The Food Vision tillage report is almost finished. A year on from the announcement of the group’s formation the report has 28 proposals. There is a call for immediate financial assistance for the sector in the report. At present, the industry predicts that 20-30,000ha of land will exit the sector in 2024.

The 28 proposals are great, but at present the focus needs to be on maintaining the area under tillage and supporting farmers struggling this season due to bad weather and lower prices.

Crop insurance takes up a good swatch of the report. Yes, many options should be considered, but what Irish farmers need now is support.

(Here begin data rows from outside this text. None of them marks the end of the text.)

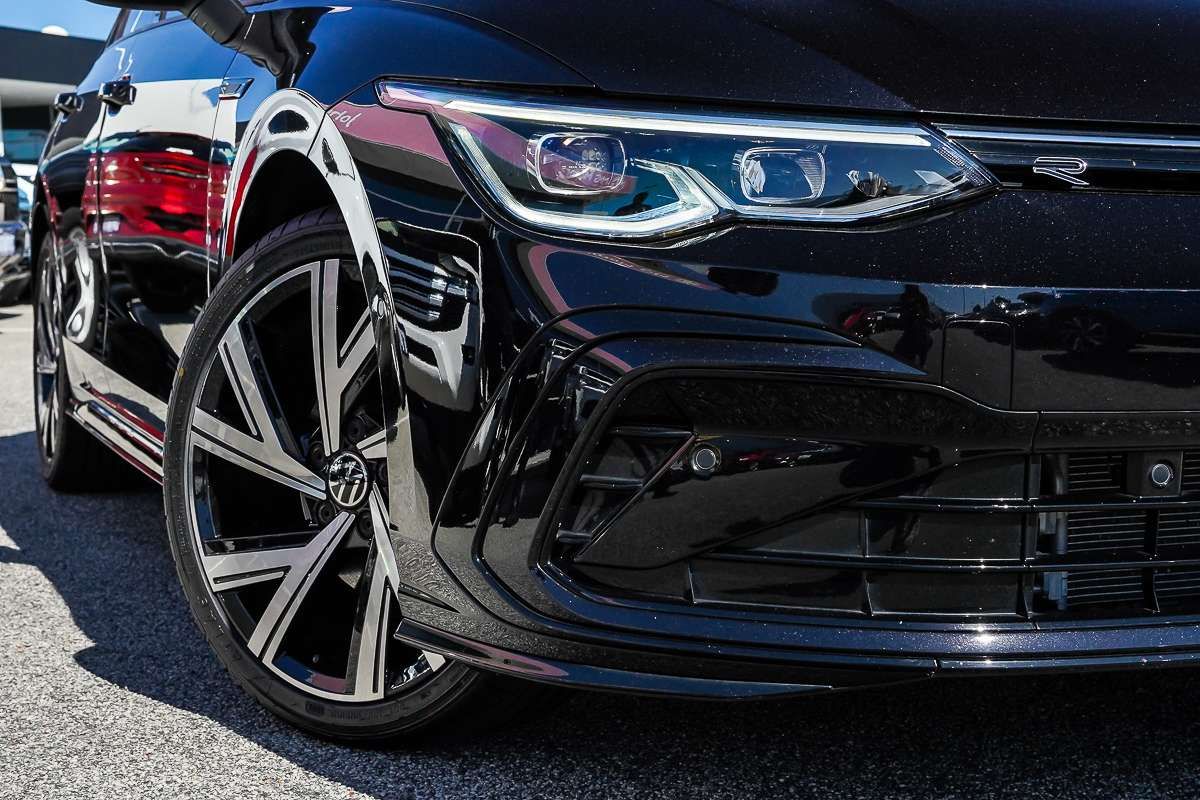 2022 Volkswagen Golf 110TSI R-Line 8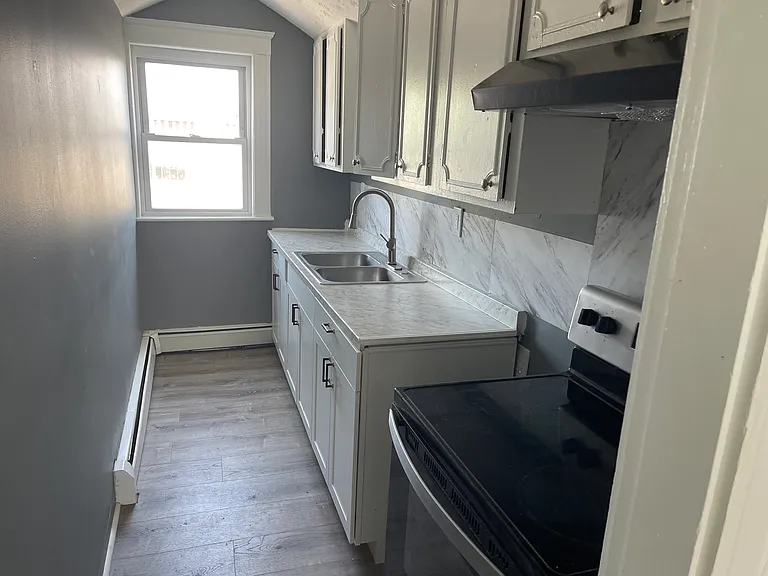 342-342 W River St #2 — Photo 2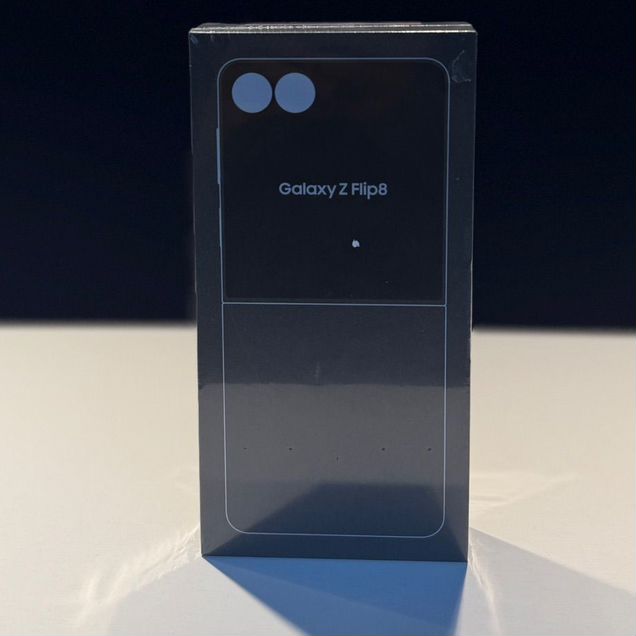 Samsung Galaxy Z Flip8, 12/256 ГБ, SIM + eSIM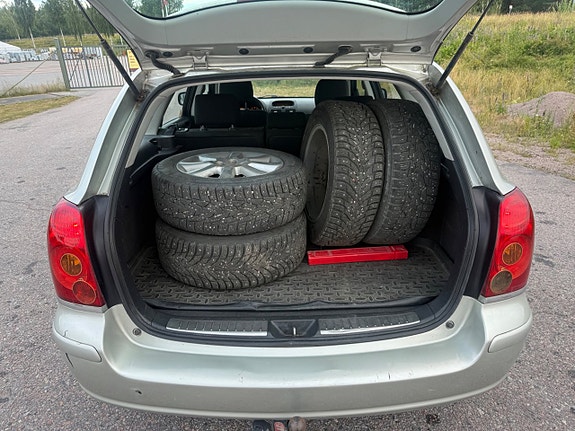 Toyota Avensis 10 of 24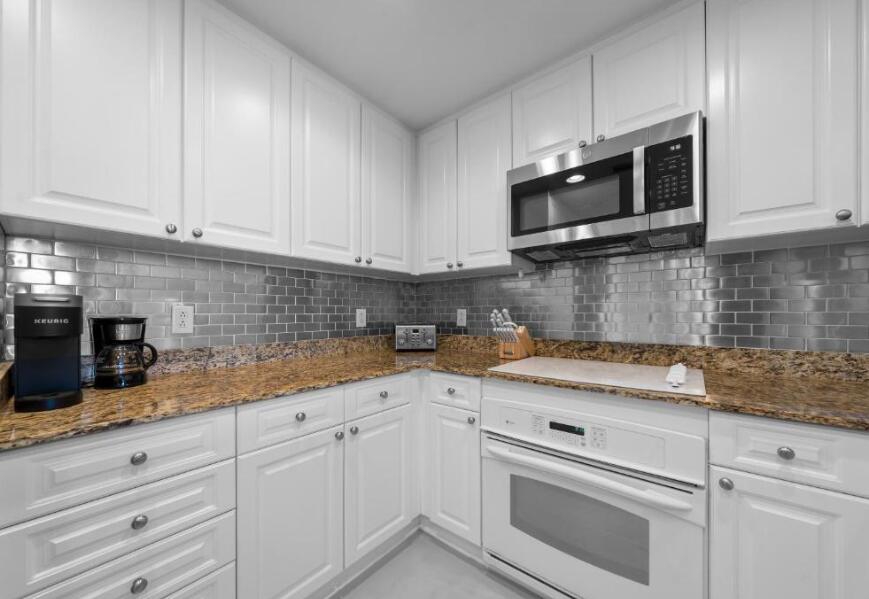 5 Portofino Drive 1106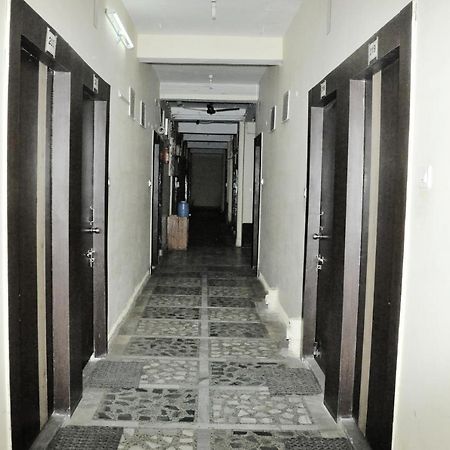 Hotel Lalit Palace Babina Buitenkant foto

If money is going to be spent it would be better invested in a scheme like Straw Incorporation, protein aid or the suggested TESS scheme which is a tillage support payment and TAMS grants to help farmers.

Calculating yields

The reality is Ireland has some of the highest crop yields in the world. Actuaries working for insurance companies will go back for decades, if not 100 years to calculate yields. Therefore, it will be very hard to receive a payment from crop insurance in a difficult year.

Farmers in the US pay about €40/ac for crop insurance each year, but live with risks of extreme weather from severe drought to heavy rainfall and crop damaging winds. Yes, we get bad weather here and that weather is becoming more extreme, but would a crop insurance premium actually pay out?

What happens in a year like 2024, will there be prevent plant acres?

Price insurance or a possible margin insurance might be something to look at, but linking insurance to yield in a country with some of the highest cereal yields in the world seems strange.

As Dorothy said in the Wizard of Oz, she didn’t think she was in Kansas anymore. Well, we’re not in Kansas and the insurance companies are likely to be the biggest winner from crop insurance.

We either need to look separately at price insurance, which guarantees farmers a certain price and is not associated with yield or give the money directly to the tillage farmer, just like is done for organics and forestry.